Votre beau discours…

Participant à un congrès d’écrivains à San Francisco, Pavol Timeska, vieillissant «mandarin helvétique» d’origine slovaque, s’ennuie de sa jeune maîtresse britannique en colloque à Bruges et décide de lui écrire des lettres d’amour. Cette banale situation prend une dimension nouvelle quand l’épistolier a recours au télécopieur pour combler la distance qui le sépare de Vanessa Dew. Dès lors, la nature de l’échange épistolaire change. La télécopie est-elle bien cette «correspondance absolue» dont parle Timeska ?

La lettre s’est toujours nourrie du temps, celui passé à lire et à écrire, celui qui sépare les lettres les unes des autres, celui qui y est fantasmé (présent douloureux, passé idéalisé, futur idyllique).
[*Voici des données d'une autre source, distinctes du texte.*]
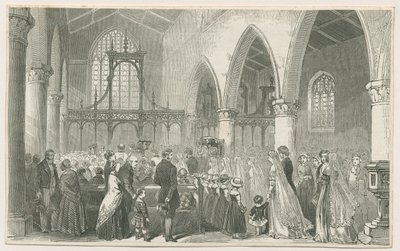 Innenraum der Trentham Kirche von Unbekannt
Avec le télécopieur, la donne est différente, car le passage du temps est réduit à sa plus petite expression; comme le dit Pavol Timeska, qui a une horreur «définitive et absolue» du «décalage», le télécopieur rend possible la «traduction simultanée [des] sentiments amoureux», avec lui on peut devenir enfin «synchrone», il a donc un «caractère sacré, quasi miraculeux». Grâce à lui, l’amour n’est plus différé : il reste immédiat, «contemporain». Écrire n’est plus une expérience de la douleur du temps et de la souffrance de l’absence.

Si le temps n’est plus être le même, maintenant que le télécopieur feint de le suspendre, la lettre en tant qu’objet se transforme également sous la poussée de la technologie. Qui n’a jamais lu, sinon écrit, que l’on peut baiser une lettre, la déchirer, pleurer sur elle, la relire, la froisser, la jeter au feu, la conserver précieusement ? Qui n’a jamais imaginé qu’elle se substituait au corps de l’autre ? Cela est certes encore vrai avec une télécopie, mais pour les deux épistoliers, et non plus pour le seul destinataire. Ce qui jusqu’à récemment était le privilège d’un seul (recevoir un objet tenant lieu du corps de l’autre) devient un plaisir que l’on peut partager : celui qui envoie une télécopie en garde en effet l’original et ce dernier peut devenir pour lui un fétiche, de la même façon qu’elle est un fétiche pour qui la reçoit. Il y a mieux, laisse entendre Timeska, lorsqu’il apprend par Vanessa que les télécopies n’auraient qu’une espérance de vie de deux ou trois mois : l’objet fétichisé, conservé comme une relique, cette télécopie que l’on a reçue, elle n’est nôtre que pour un temps limité; c’est l’original que l’on envoie — et que l’on garde — qui acquiert le statut de fétiche. Le partage de la lettre d’amour s’abolit dans cet étrange commerce où l’on donne tout en conservant, où l’on ne se confie qu’en se retenant. La lettre d’amour reste un plaisir solitaire, mais maintenant temporaire pour le destinataire et permanent pour le destinateur.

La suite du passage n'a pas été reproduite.